A little while ago, a gentlewoman came into the library and seemed quite annoyed that I hadn't allowed a flyer for her organization to hang on one of our bulletin boards in the lobby. When I explained that I had researched her organization at the website of the Center for Responsive Politics and wasn't comfortable with the close ties it seemed to have with one of the major political parties (and other groups which backed it), she displayed a bit of anger, insisting that it was NOT affiliated with a party in any way. On her way out the door, she warned me that libraries will be in trouble when the political party opposing the one she just told me her organization WASN'T affiliated with came back into power. I thought it was a telling statement.

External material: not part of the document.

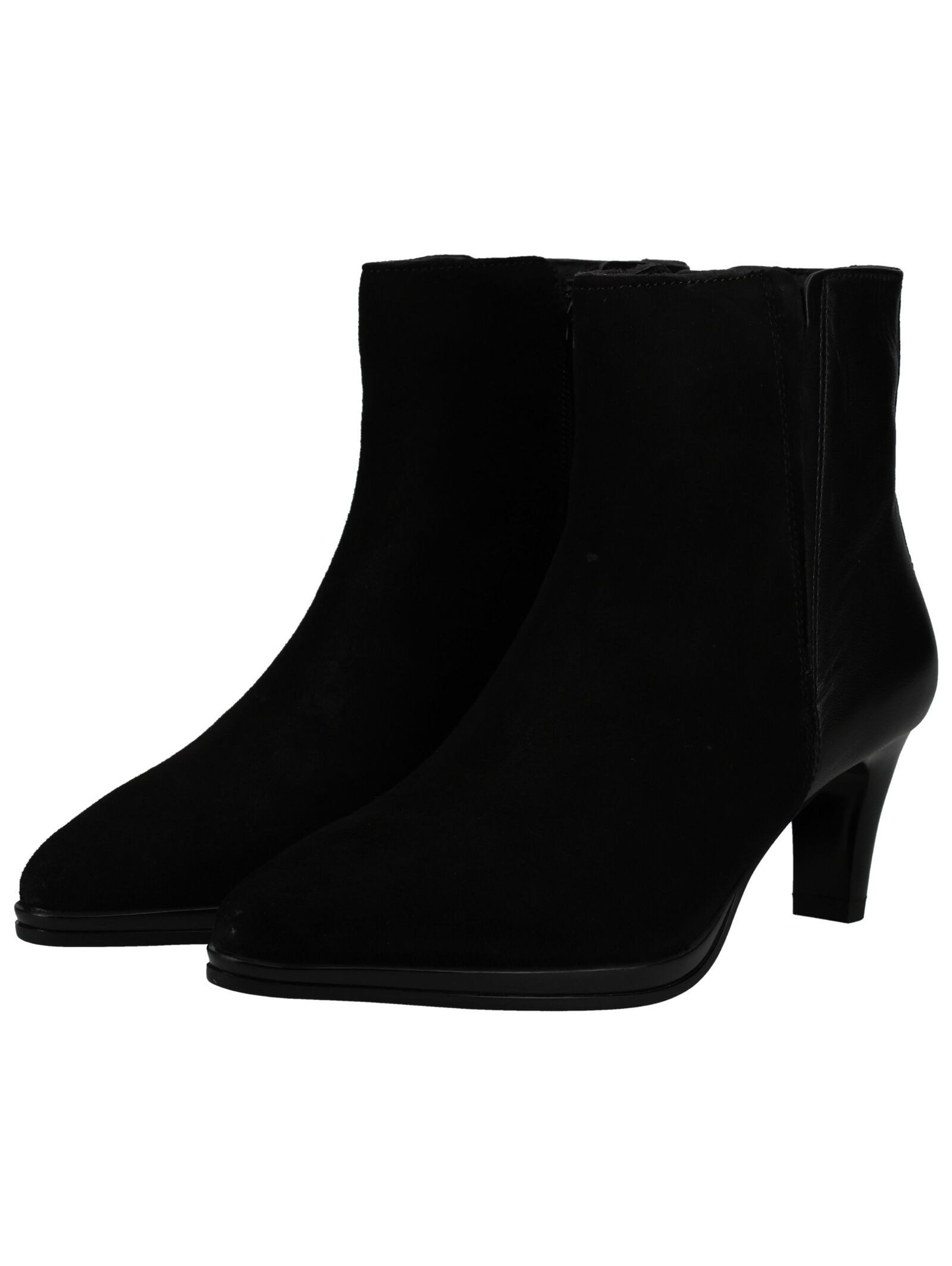Ara Stiefelette »Ara Stiefelette Veloursleder«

One thing that I like about being a librarian is that, though politics are sometimes involved in running a library, the job isn't--or shouldn't be--overtly political. Libraries, despite the occasional activist-librarian who insists otherwise, should not be sounding boards for political causes or the groups espousing them, regardless of whether they see libraries as an important social pillar or a drag on the public pocketbook.

The point I think I'm trying to make is that this library has policies in place that allow the library user to know with some confidence that the focus of our mission here is educational and cultural and that anything political--ANYTHING--is held suspect and taken on a case-by-case basis with some thought. Take, for instance, our meeting room policy in regards to who gets to use the rooms. One of the "restrictions on usage" says we'll disallow "political campaigns, although bi-partisan political forums are permitted." I, as your library director, apply this standard to our public notice space, too.

When an organization has demonstrable ties to a political party and makes efforts to be more visible during campaign season or engage in campaigning, even of a surreptitious sort, I make the judgment call that they are part of a political campaign and thus will not be allowed to meet here or display their literature, ESPECIALLY when they aren't forthcoming about who and what they are, who funds them and what they do with their money.

It isn't personal or a reflection of my politics as a director or those of the library board. It's common sense. And good politics.